Bagi siapa pun yang menghadiri salah satu atau keseluruhan acara pastinya akan menyetujui bahwa perjalanan masih panjang. Dibutuhkan lebih banyak waktu, proses, kesiapan SDM dan akses untuk bisa memberikan kepastian bahwa cagar budaya Indonesia haruslah terus dikonservasi, dilestarikan, agar dapat diberikan sebagai warisan untuk generasi mendatang secara utuh dan lengkap.

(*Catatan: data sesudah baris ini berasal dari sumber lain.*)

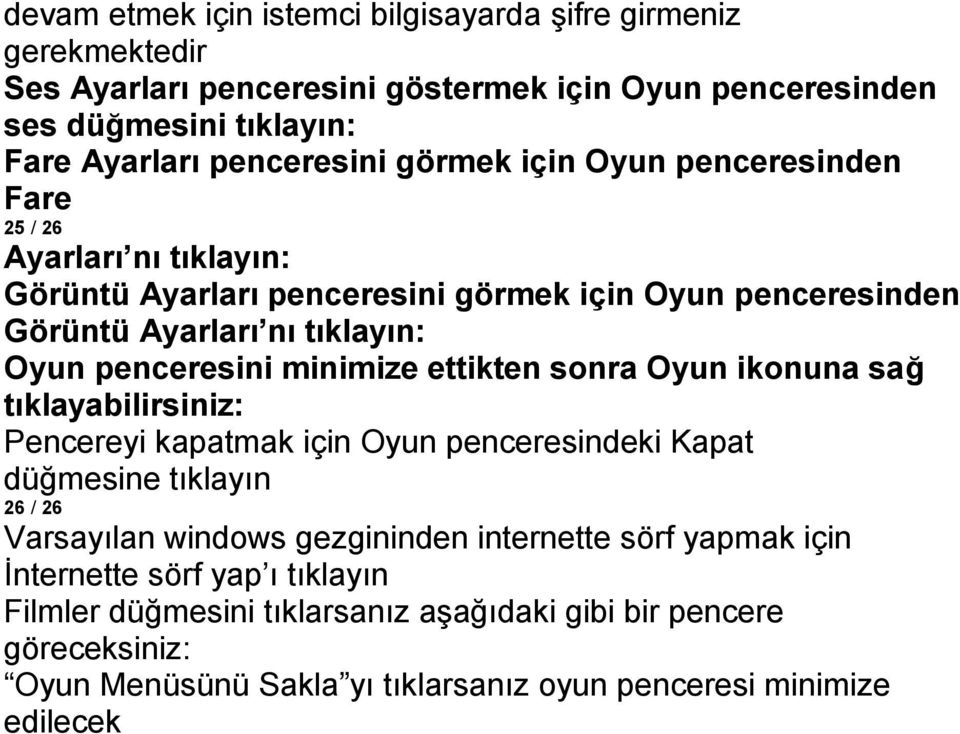 minimize ettikten sonra Oyun ikonuna sağ tıklayabilirsiniz: Pencereyi kapatmak için Oyun penceresindeki Kapat düğmesine tıklayın 26 / 26 Varsayılan windows gezgininden internette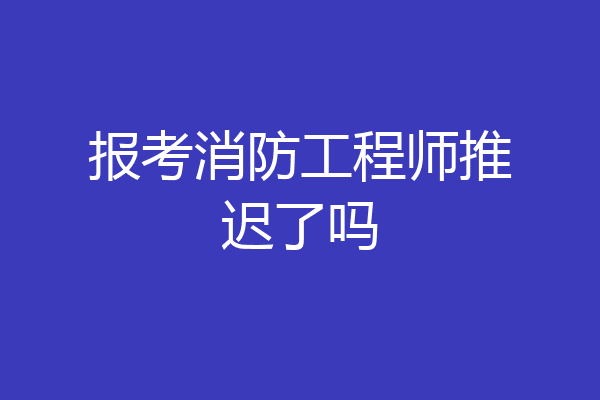 报考消防工程师推迟了吗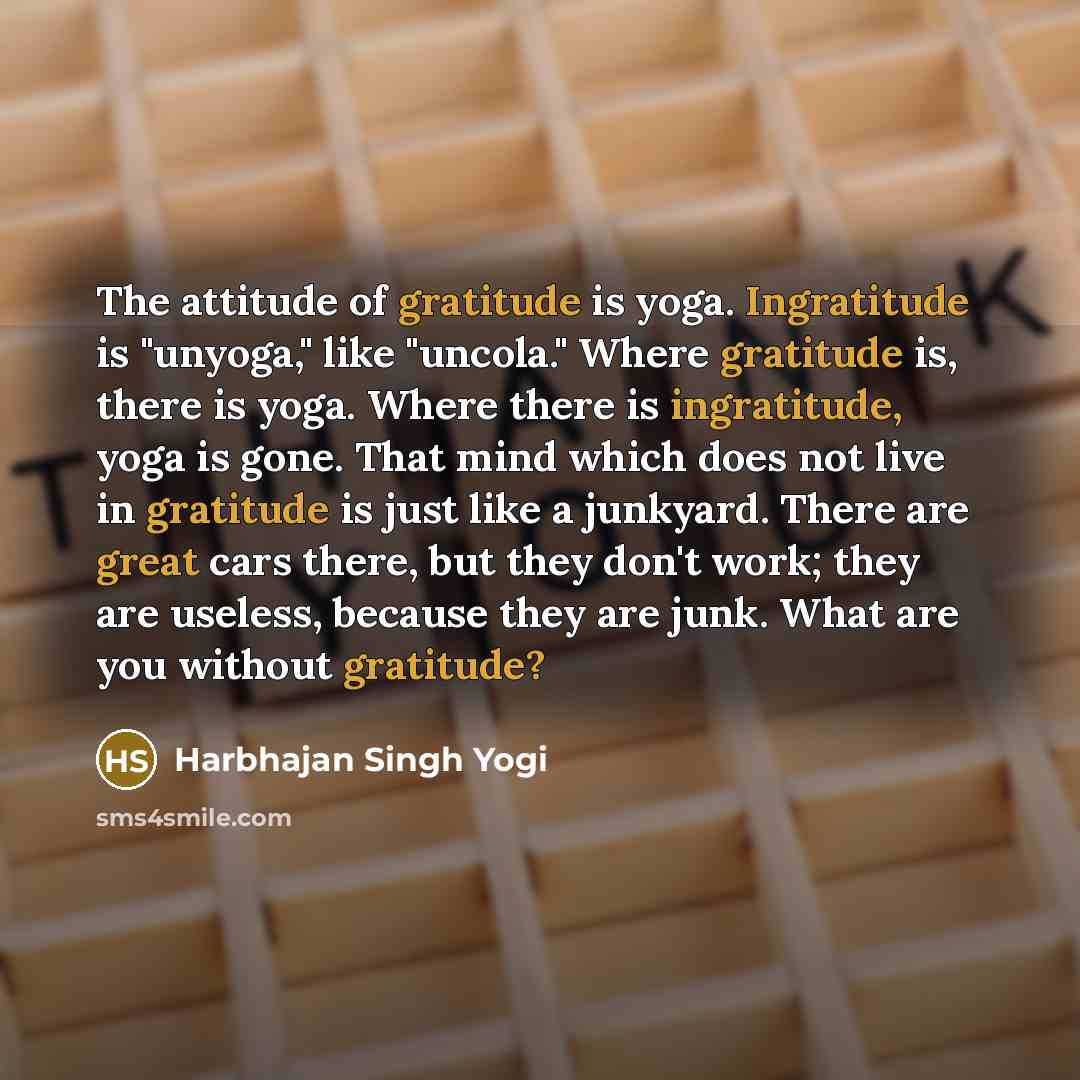 “The attitude of gratitude is yoga. Ingratitude is "unyoga," like…” quote by Harbhajan Singh Yogi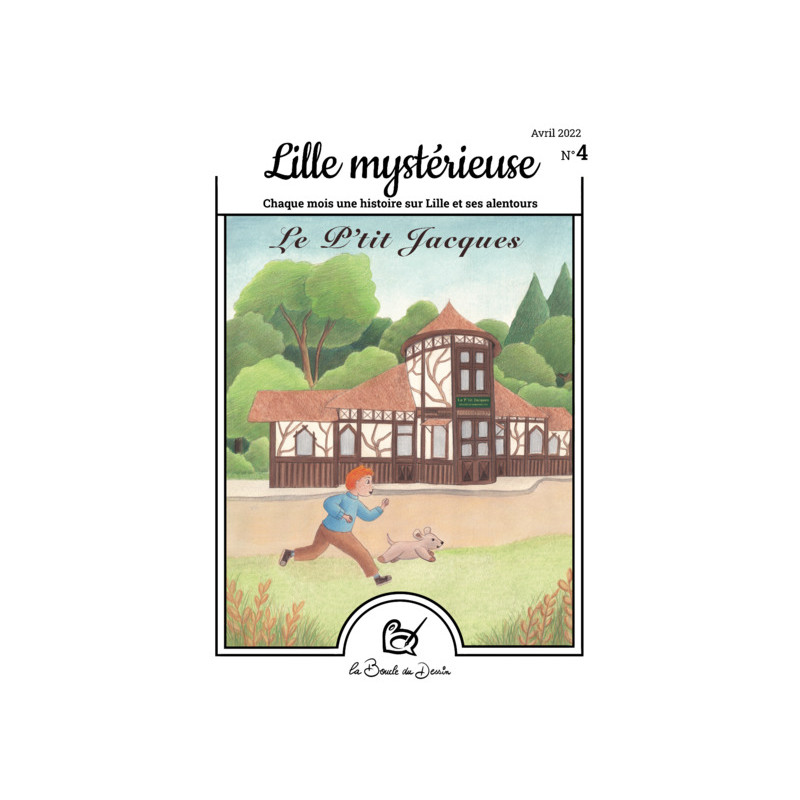 N°4 Lille mystérieuse - Le P'tit Jacques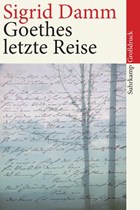 Goethes letzte Reise. Großdruck | Sigrid Damm | 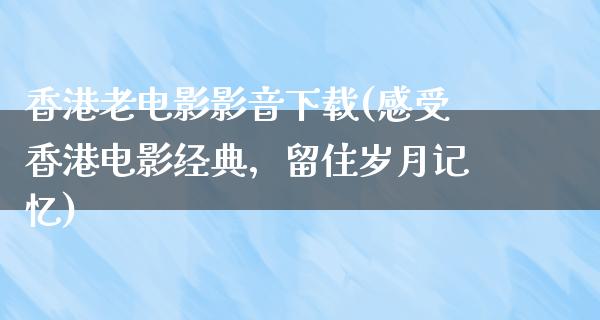 香港老电影影音下载(感受香港电影经典，留住岁月记忆)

Kegiatan Borobudur Goes to Campus selama tiga hari berturut-turut merupakan kegiatan yang selangkah lagi mendekatkan diri kepada masyarakat dan akademisi guna menyadarkan pentingnya konservasi cagar budaya Indonesia pada umumnya dan Borobudur pada khususnya.

Sebab kalau bukan kita siapa lagi? Kesadaran akan pentingnya menjaga dan melestarikan cagar budaya adalah kewajiban dan panggilan kita bersama.

Mungkin demikian yang dapat penulis sampaikan. Penulis secara pribadi dan tulus mengucapkan banyak terima kasih untuk apresiasi dan kesempatan yang telah diberikan oleh Balai Konservasi Borobudur dan Universitas Gadjah Mada. Serta kepada seluruh panitia dan Contact Person (CP) mbak Asih, mbak Nisa, mbak Winda, yang terlibat untuk semua kerja keras dan kerja cerdas yang telah dilakukan selama tiga hari berturut-turut. Semoga Gusti Allah membalas kebaikan Bapak/Ibu/Mas/Mbak dengan balasan yang terbaik.

Semoga kita senantiasa diberikan kesehatan, kelancaran, dan kebahagiaan dalam tiap aktivitas. Amiin.

Sabbe Satta Bhavantu Sukhitatta. Semoga semua makhluk hidup berbahagia.

Demikian yang dapat penulis sampaikan. Semoga bermanfaat dan berkenan.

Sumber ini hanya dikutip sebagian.